I work for Homebase, and althrough I have to be careful what I post due to a social media policy, I’ll try and respond to some of the points raised
Yes and no, we both do DIY but HB considered itself more focused on the home improvement/enhancement side of things, for the last few years management were trying to make us into a John Lewis competitor with less focus on DIY.
Bunnings are much closer to the B&Q style of store, more focus on DIY, which is what we will eventually move over to. We’ve already started to make changes. If you go into your local store now nearly, all of the home enhancement category (cushions, picture frames, vases, ornaments etc.) has been heavily reduced to clear the stock out.
Compared to how it used to be, yes they are a lot more fuller then before. Bunnings don’t like wasted space. there is guidance on how the stores should lay out the extra stock, with some stores following it better then others. when done properly it should look full but tidy.
Bunnings is a low cost business. HB used to spend millions on point of sale (POS), most of which got thrown away (each store would generally get the same amount of POS regardless of there size, so small stores always got way too much). The hand written, while not as nice looking, is a lot quicker to implement.

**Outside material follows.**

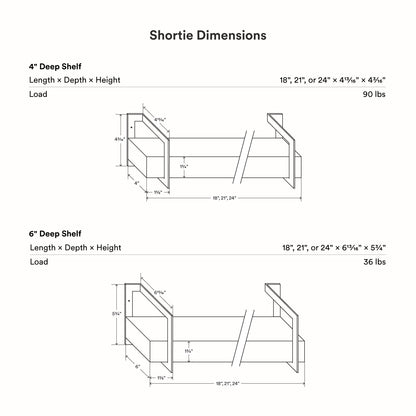 Shortie White Oak Wall Shelf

One of Bunnings key messages is ‘Always low prices’ (I believe in aus they use ‘everyday low prices’) for that reason stock does have some odd looking prices to make them cheapest in the market (They’ve not quite fully achieved this goal, while a lot has come down, some items and not as good as they could be).
They also don’t like ‘gimmicks’ such a BOGOF or 3for2. We used to sell compost with multi-buy discounts, so they would be £4.99 each or 2 for £8. Bunnings dropped the price to £3.97 a bag so you got the deal price regardless of how much you brought (this has caused perhaps the most confusion with customers).
That is where we are heading, at the moment we are trying to do the ‘Bunnings way’ in stores that wern’t designed for it. Once refits start next year store we will look more like w/houses. (closer to B&Q in fact)
This is very true, we’ve been given more freedom about where we can put stock (previously stores were quite strictly controlled, with a little bit of leeway). But stock volumes have increased a lot more then we were used to, and we have to find somewhere to put it.
Very much this, we have a long way to go as of yet before everything settled, we have systems that need to be replaced (for example, our till systems are more then 20 years old). And we have to learn a different way to do things. The next couple of years are going to be tough, but i do believe we will be in a better place at the end of it
Wesfarmer, purchased Homebase for £350 million, profit for the previous year was £500 million (net) so the brought us and still had change left. So thank you for your contribution!
I’d imaging Kingfisher group (B&Q’s owners) must be quite worried, given the size difference between the two. Before the takeover HB was struggling big time, in fact I would have put money on us being gone within 5 years, if not sooner.